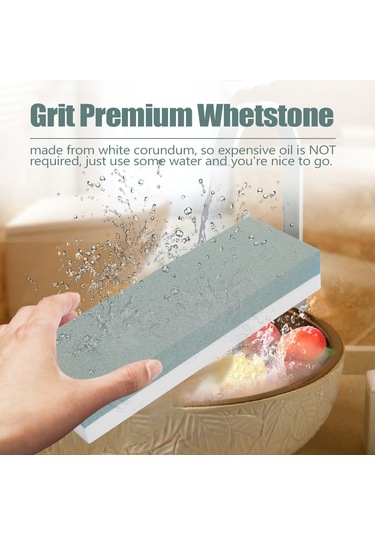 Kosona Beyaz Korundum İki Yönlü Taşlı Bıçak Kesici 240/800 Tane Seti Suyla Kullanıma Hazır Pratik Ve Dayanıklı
.....
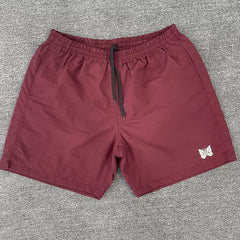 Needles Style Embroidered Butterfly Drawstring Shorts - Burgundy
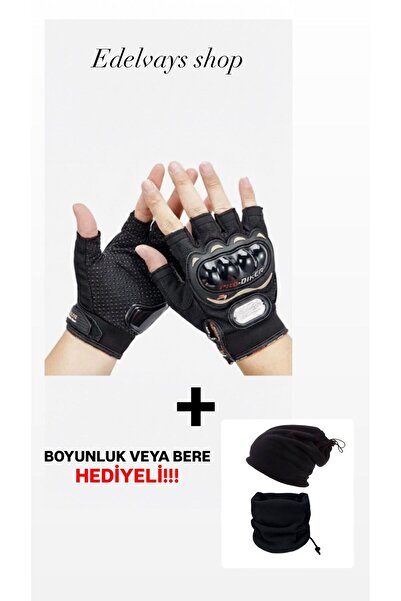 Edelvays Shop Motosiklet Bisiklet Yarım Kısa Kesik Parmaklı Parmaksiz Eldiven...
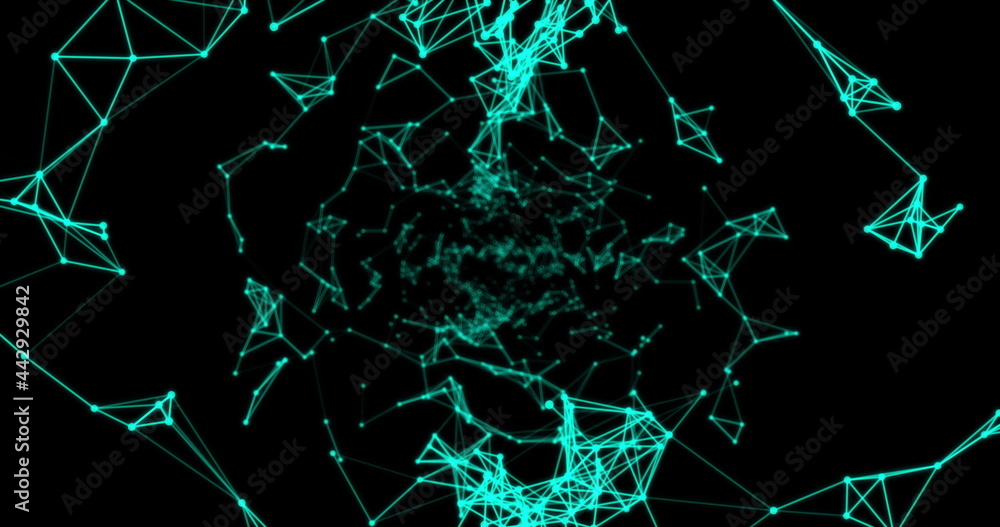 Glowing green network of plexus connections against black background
.....
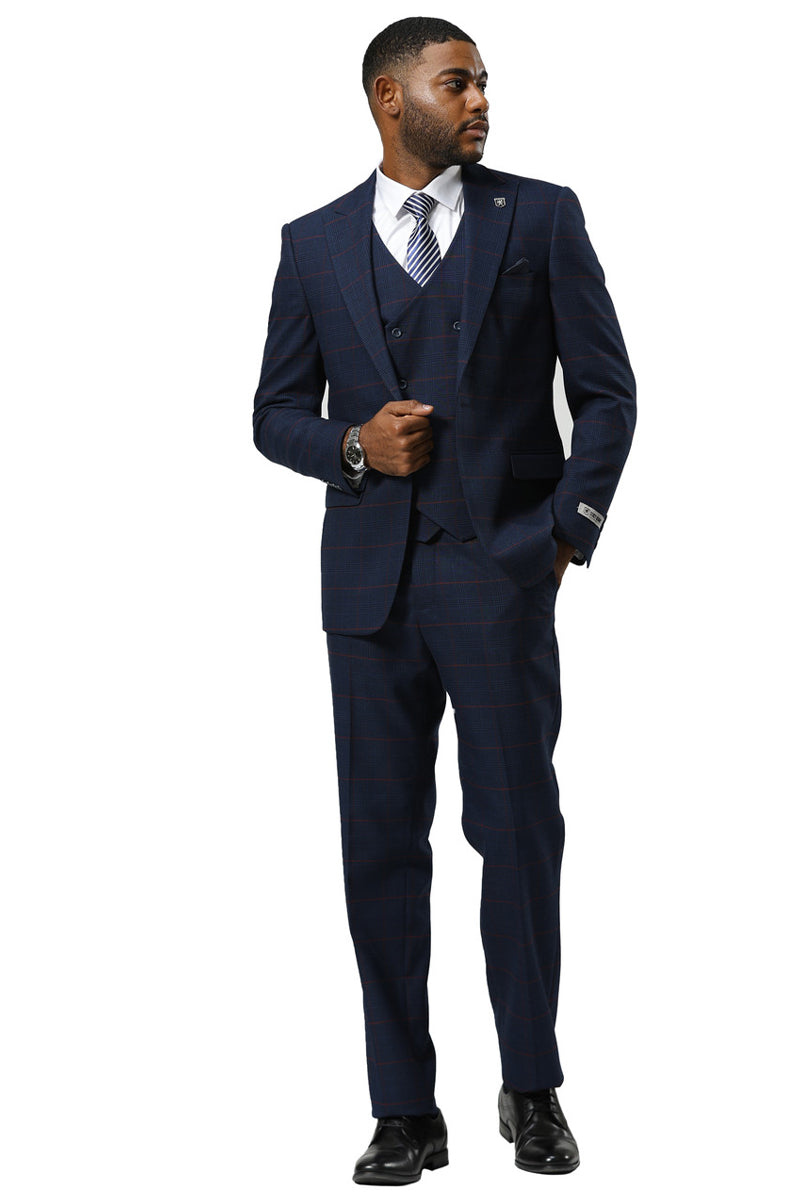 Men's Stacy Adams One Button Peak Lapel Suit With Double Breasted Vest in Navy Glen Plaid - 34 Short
.....
• **Task description**: Although pictures appear among the records above, write out exactly only the lines from the one that has "Edelvays Shop Motosiklet" through the one that has "Glowing green network", and leave the pictures out.

• **Solution below**:
 Edelvays Shop Motosiklet Bisiklet Yarım Kısa Kesik Parmaklı Parmaksiz Eldiven...
 Glowing green network of plexus connections against black background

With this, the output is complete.